Many slugs showed a trail containing bright Rad51-Neon cells, suggesting slugs were losing bright cells at their rear. This suggestion was confirmed by live imaging of the multicellular phases of development (Fig. 4D, Movies 3 and 4). Fig. 4D shows a mound as it converts into a slug. The high Rad51 cells initially engaged with the mound, often internal to it, and in some cases were highly migratory within the structure (red arrow). However, as the structure began to migrate away, almost all the bright cells were left behind.
The shedding of high Rad51 cells means they are less likely to become spores, and images of fruiting bodies show no high Rad51 cells in the spore head (Fig. 4E) although a few remain in stalk lineages, such as in the lower cup and basal disc area, perhaps reflecting the partial enrichment in the anterior zone of the slug (Fig. 4C), from which stalk cells are derived. The relative abundance of the high Rad51 cells was reminiscent of sentinels, the Dictyostelium immune-like cells (Chen et al., 2007). However, we found no correlation between Rad51-Neon expression and ethidium bromide uptake, which marks sentinels, in either intact slugs or dissociated cells (Fig. S5C,D).

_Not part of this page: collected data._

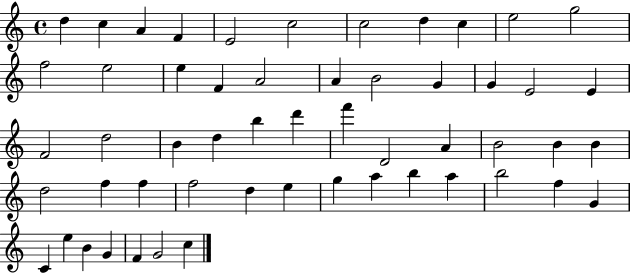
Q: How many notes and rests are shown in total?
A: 54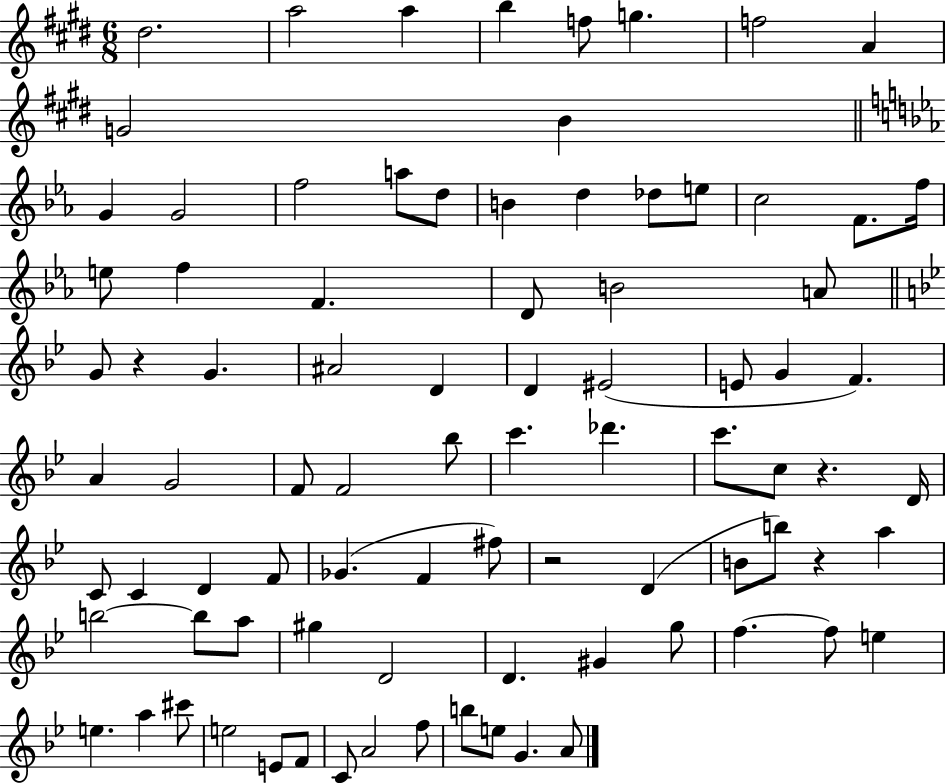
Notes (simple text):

D#5/h. A5/h A5/q B5/q F5/e G5/q. F5/h A4/q G4/h B4/q G4/q G4/h F5/h A5/e D5/e B4/q D5/q Db5/e E5/e C5/h F4/e. F5/s E5/e F5/q F4/q. D4/e B4/h A4/e G4/e R/q G4/q. A#4/h D4/q D4/q EIS4/h E4/e G4/q F4/q. A4/q G4/h F4/e F4/h Bb5/e C6/q. Db6/q. C6/e. C5/e R/q. D4/s C4/e C4/q D4/q F4/e Gb4/q. F4/q F#5/e R/h D4/q B4/e B5/e R/q A5/q B5/h B5/e A5/e G#5/q D4/h D4/q. G#4/q G5/e F5/q. F5/e E5/q E5/q. A5/q C#6/e E5/h E4/e F4/e C4/e A4/h F5/e B5/e E5/e G4/q. A4/e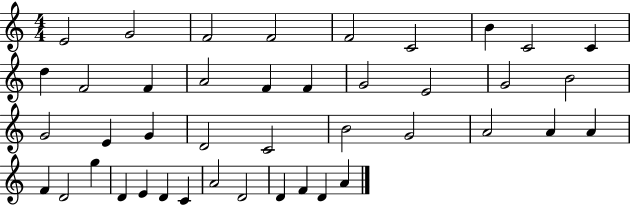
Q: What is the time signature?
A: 4/4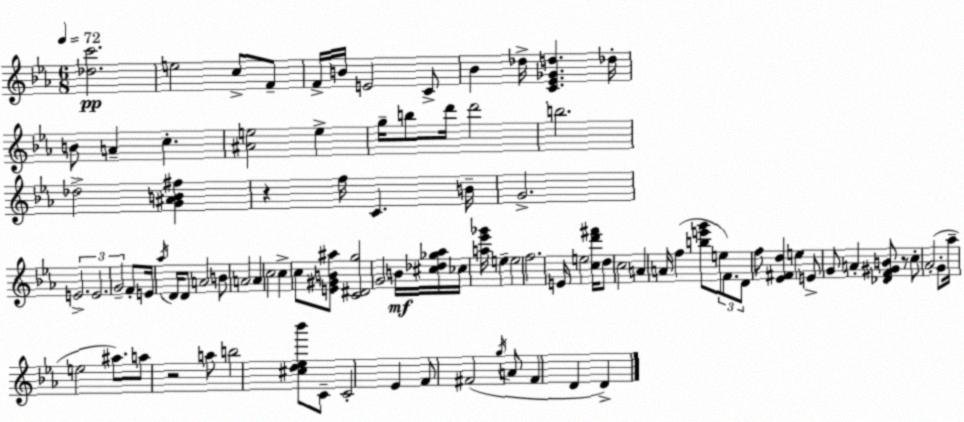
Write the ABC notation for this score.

X:1
T:Untitled
M:6/8
L:1/4
K:Eb
[_dc']2 e2 c/2 F/2 F/4 B/4 E2 C/2 _B _d/4 [C_E_Gd] _d/4 B/2 A c [^Ae]2 e g/4 b/2 d'/4 d'2 b2 _d2 [G^AB^f] z f/4 C B/4 G2 E2 E2 G2 F/2 E/4 _a/4 D/4 D/2 A2 B/2 A2 A c2 c c/2 [E^GB^a]/2 [C^Dg]2 G2 B/4 [^c_d_g_a]/4 _c/4 [a_e'_g']/4 e e2 f2 E/4 e2 [cd'^f']/4 d/2 c2 A A/4 f [be'g']/2 e/2 F/2 D/2 f/2 [_E^Fd] e E/2 G/2 A [_DF^GB]/2 z/2 c/2 _A2 G/2 _a/4 e2 ^a/2 a/2 z2 a/2 b2 [^cd_e_b']/2 C/2 C2 _E F/2 ^F2 g/4 A/2 ^F D D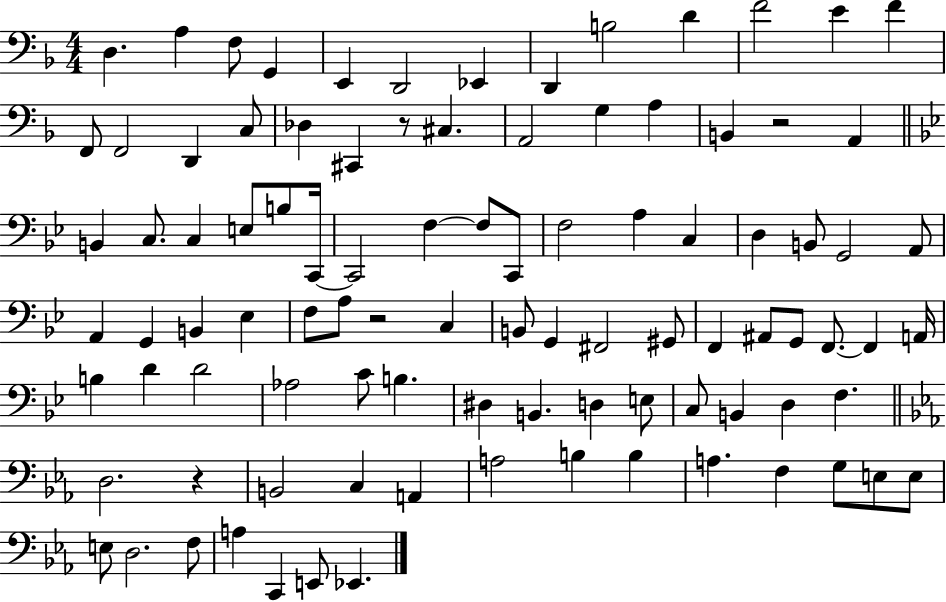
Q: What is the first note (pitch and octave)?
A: D3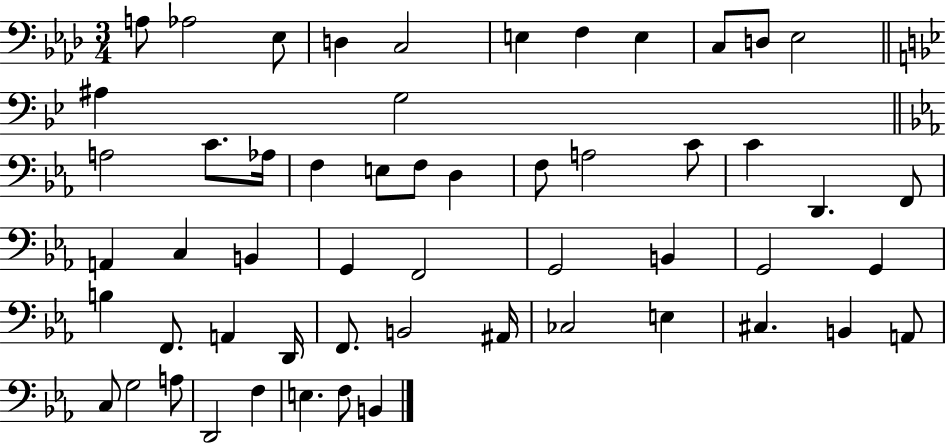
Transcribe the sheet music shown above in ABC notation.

X:1
T:Untitled
M:3/4
L:1/4
K:Ab
A,/2 _A,2 _E,/2 D, C,2 E, F, E, C,/2 D,/2 _E,2 ^A, G,2 A,2 C/2 _A,/4 F, E,/2 F,/2 D, F,/2 A,2 C/2 C D,, F,,/2 A,, C, B,, G,, F,,2 G,,2 B,, G,,2 G,, B, F,,/2 A,, D,,/4 F,,/2 B,,2 ^A,,/4 _C,2 E, ^C, B,, A,,/2 C,/2 G,2 A,/2 D,,2 F, E, F,/2 B,,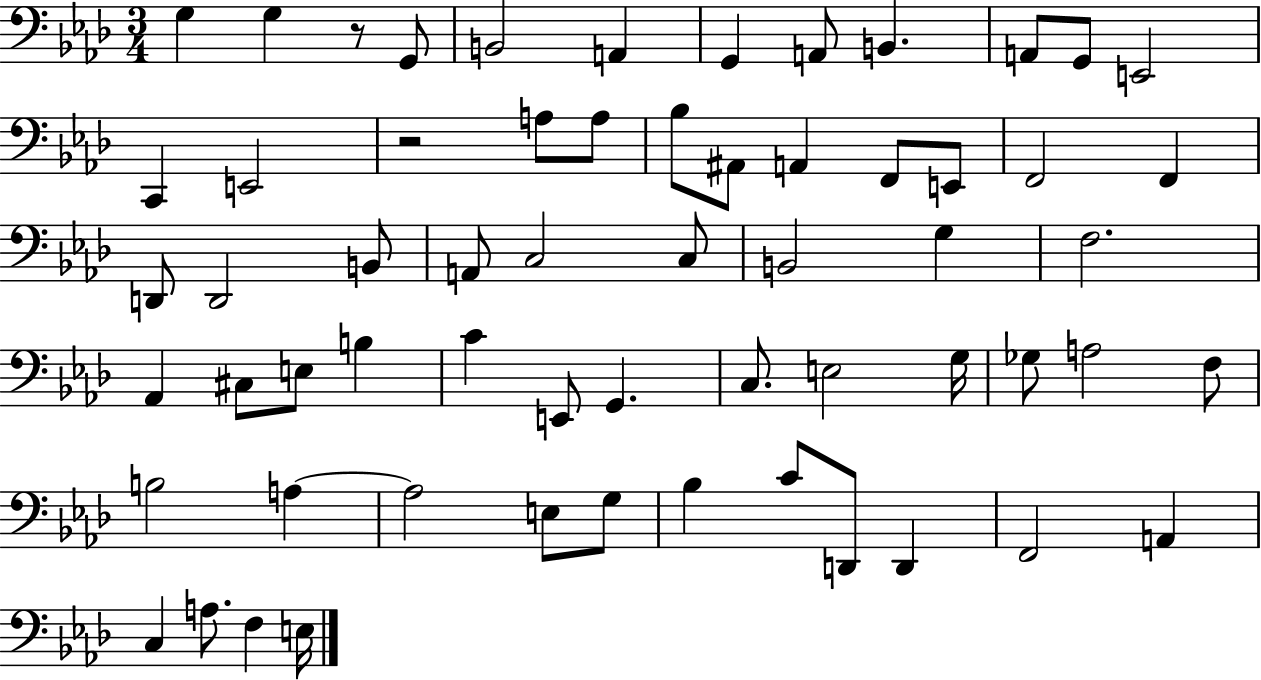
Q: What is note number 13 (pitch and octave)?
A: E2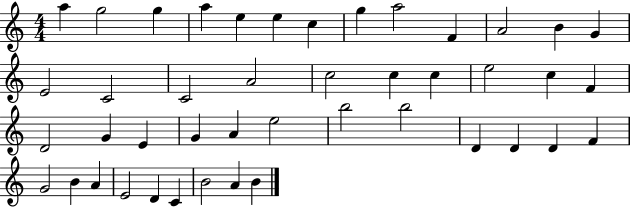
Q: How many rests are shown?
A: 0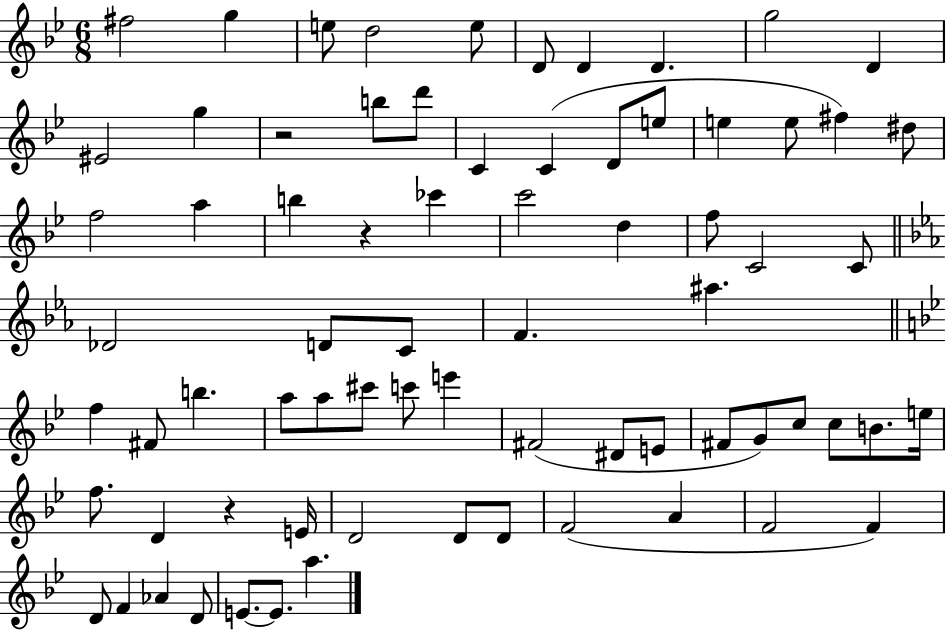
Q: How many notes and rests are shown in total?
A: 73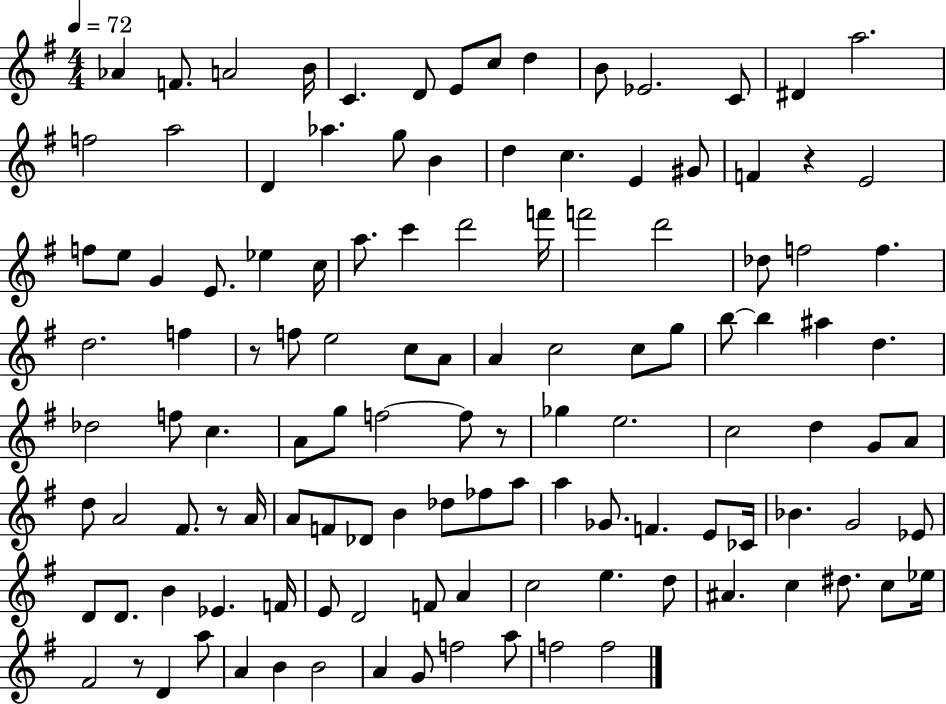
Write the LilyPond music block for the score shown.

{
  \clef treble
  \numericTimeSignature
  \time 4/4
  \key g \major
  \tempo 4 = 72
  aes'4 f'8. a'2 b'16 | c'4. d'8 e'8 c''8 d''4 | b'8 ees'2. c'8 | dis'4 a''2. | \break f''2 a''2 | d'4 aes''4. g''8 b'4 | d''4 c''4. e'4 gis'8 | f'4 r4 e'2 | \break f''8 e''8 g'4 e'8. ees''4 c''16 | a''8. c'''4 d'''2 f'''16 | f'''2 d'''2 | des''8 f''2 f''4. | \break d''2. f''4 | r8 f''8 e''2 c''8 a'8 | a'4 c''2 c''8 g''8 | b''8~~ b''4 ais''4 d''4. | \break des''2 f''8 c''4. | a'8 g''8 f''2~~ f''8 r8 | ges''4 e''2. | c''2 d''4 g'8 a'8 | \break d''8 a'2 fis'8. r8 a'16 | a'8 f'8 des'8 b'4 des''8 fes''8 a''8 | a''4 ges'8. f'4. e'8 ces'16 | bes'4. g'2 ees'8 | \break d'8 d'8. b'4 ees'4. f'16 | e'8 d'2 f'8 a'4 | c''2 e''4. d''8 | ais'4. c''4 dis''8. c''8 ees''16 | \break fis'2 r8 d'4 a''8 | a'4 b'4 b'2 | a'4 g'8 f''2 a''8 | f''2 f''2 | \break \bar "|."
}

Impaired motility and cell-cell adhesion of high Rad51 cells
What features of the high Rad51 cells cause them to detach from aggregates? The high Rad51 cells displayed a slightly increased cell volume (Fig. 5A). The overall correlation between volume and Rad51 expression was weak; however, the majority of the brightest 1% of cells were larger than average. This may be caused by the extended cell cycles and a slightly increased frequency of multinucleate cells in the high Rad51 population (high Rad51: 29±3%; low 15±8%; three replicates). An increase in cell size may alter the physical ability of a cell to enter and move within multicellular structures. It may also have different adhesive properties, and potentially different amounts of signalling receptors on its surface.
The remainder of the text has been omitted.